6)Bounding rectangle by grabbing a viewport image :
The next logical step was to retrieve the current viewport image. Several tools were useful for this purpose:
In 3dsmax capturing a snapshot of a view is done with gw.getViewportDib() ( with the graphic window command get a viewport device independent bitmap, the name involved will start to be interesting later ) whereas in maya this operation needs to be done with the API(code below from nathan horne blog )
#Import api modules
import maya.OpenMaya as api
import maya.OpenMayaUI as apiUI
#Grab the last active 3d viewport
view = apiUI.M3dView.active3dView()
#read the color buffer from the view, and save the MImage to disk
image = api.MImage()
Before capturing the current view a bit of work needs to be done:
- First to detect the object we change the background color to white
- we then choose as a rendering method a flat shading (with no lighting )
- change the object color to pure black
- and finally filter the element by type in order to draw only geometry object
This setup is then used in an iterative process ( much like what an IK solver does )

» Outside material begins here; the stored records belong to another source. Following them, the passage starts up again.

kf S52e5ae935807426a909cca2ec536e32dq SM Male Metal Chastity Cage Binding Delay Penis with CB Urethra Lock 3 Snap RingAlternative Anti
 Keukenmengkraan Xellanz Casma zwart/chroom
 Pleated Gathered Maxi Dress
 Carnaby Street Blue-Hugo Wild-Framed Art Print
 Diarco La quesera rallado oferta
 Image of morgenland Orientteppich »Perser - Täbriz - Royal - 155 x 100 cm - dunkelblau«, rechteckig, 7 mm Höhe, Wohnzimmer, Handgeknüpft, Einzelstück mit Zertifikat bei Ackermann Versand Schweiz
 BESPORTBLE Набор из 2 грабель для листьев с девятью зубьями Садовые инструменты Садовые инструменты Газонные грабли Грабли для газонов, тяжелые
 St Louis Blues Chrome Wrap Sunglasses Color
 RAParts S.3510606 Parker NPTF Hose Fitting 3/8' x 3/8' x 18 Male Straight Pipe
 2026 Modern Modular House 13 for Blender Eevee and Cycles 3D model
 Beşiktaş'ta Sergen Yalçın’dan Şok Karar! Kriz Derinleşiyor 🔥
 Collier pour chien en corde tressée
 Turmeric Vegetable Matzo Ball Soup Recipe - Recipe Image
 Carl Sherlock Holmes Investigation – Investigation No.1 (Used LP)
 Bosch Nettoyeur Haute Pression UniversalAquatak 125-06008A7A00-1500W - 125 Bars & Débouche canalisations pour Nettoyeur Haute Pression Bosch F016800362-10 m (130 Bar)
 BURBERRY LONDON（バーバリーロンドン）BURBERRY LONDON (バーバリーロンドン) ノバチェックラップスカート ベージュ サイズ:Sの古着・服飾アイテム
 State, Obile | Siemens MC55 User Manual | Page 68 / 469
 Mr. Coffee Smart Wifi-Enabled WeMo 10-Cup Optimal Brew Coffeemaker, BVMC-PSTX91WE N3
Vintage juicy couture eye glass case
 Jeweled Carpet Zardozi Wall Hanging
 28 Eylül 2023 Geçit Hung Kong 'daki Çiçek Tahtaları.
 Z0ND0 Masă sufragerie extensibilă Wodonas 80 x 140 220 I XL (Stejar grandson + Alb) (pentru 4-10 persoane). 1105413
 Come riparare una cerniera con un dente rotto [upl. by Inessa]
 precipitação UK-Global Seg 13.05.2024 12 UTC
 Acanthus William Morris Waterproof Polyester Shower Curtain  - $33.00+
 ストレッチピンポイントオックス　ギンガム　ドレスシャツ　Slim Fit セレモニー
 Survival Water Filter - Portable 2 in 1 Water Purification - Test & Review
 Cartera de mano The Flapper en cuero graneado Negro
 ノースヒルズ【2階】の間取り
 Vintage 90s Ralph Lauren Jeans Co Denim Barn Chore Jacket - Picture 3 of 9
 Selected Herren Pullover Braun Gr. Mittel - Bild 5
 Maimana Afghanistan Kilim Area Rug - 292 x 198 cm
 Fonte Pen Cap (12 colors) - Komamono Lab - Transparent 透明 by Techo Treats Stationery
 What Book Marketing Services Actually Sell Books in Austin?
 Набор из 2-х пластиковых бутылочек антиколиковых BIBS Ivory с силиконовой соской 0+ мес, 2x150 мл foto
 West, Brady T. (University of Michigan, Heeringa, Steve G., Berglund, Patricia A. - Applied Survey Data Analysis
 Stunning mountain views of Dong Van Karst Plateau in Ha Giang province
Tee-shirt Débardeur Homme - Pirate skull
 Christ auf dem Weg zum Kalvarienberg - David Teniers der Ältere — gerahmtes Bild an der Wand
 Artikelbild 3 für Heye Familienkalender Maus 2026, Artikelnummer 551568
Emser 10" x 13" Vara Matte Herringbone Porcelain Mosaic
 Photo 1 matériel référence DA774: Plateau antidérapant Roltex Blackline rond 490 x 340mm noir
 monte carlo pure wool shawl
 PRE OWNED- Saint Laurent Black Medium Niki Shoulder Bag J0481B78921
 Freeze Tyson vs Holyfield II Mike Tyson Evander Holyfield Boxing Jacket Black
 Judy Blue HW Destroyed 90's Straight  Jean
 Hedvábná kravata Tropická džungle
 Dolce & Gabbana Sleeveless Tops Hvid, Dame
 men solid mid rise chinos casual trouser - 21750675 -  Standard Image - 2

To cope with the perspective projection the camera is move along the depth axis by a predetermined value, if the current frame dimension is greater than desired value ,we just cancel the last translation, halved our step variable and repeat our loop until completion.
I encountered two minor glitch when using image based bounding rectangle with maxscript:
- Large image has severe hit on performance
- On the closest range it was no longer possible to have a reliable object frame
These hurdle were easily overcome by splitting the viewport into 4 panel ( reducing the viewport size without having to grab any pointer or messing with any window api ) and by adding a second camera with a different zoom factor ( this camera act as a neutral observer much like what is use for occlusion or visibility culling ).
7)Parting words and alternate implementation:
When this project was completed , I wanted to go further , and decided to use dotnet to read and manipulate image data.
After playing with some dotnet function in maxscript I stumble upon some limitation on how to pass some data between max and C#.
Once again I found a solution after reading a thread on cgtalk ( “bitmap.lockbits method using maxscript and dotnet” ): Either create a dynamically compiled assembly or write a static c# class for a compiled dll file.
csharpProvider = dotnetobject "Microsoft.CSharp.CSharpCodeProvider"
compilerParams = dotnetobject "System.CodeDom.Compiler.CompilerParameters"
compilerParams.GenerateInMemory = on
compilerResults = csharpProvider.CompileAssemblyFromSource compilerParams #(source)
In the code above we use the powerful “CSharpCodeProvider” class to dynamically compiled an assembly from a string stream named “source”.
Compiling this code into a dll was then straightforward, the project solution file only needs the required dll reference to works.
( You can also notice that the same operation is done for the dynamically compiled assembly with the lines “compilerParams.ReferencedAssemblies.AddRange #(“System.dll”)” and for maya C++ plugins we also add the required libraries with the IDE ).
Using a dotnet assembly proves to be useful as the same operation was 10 times faster than using maxscript to read an image file, it was also a good opportunity to start playing with c# tool and the dotnet platform.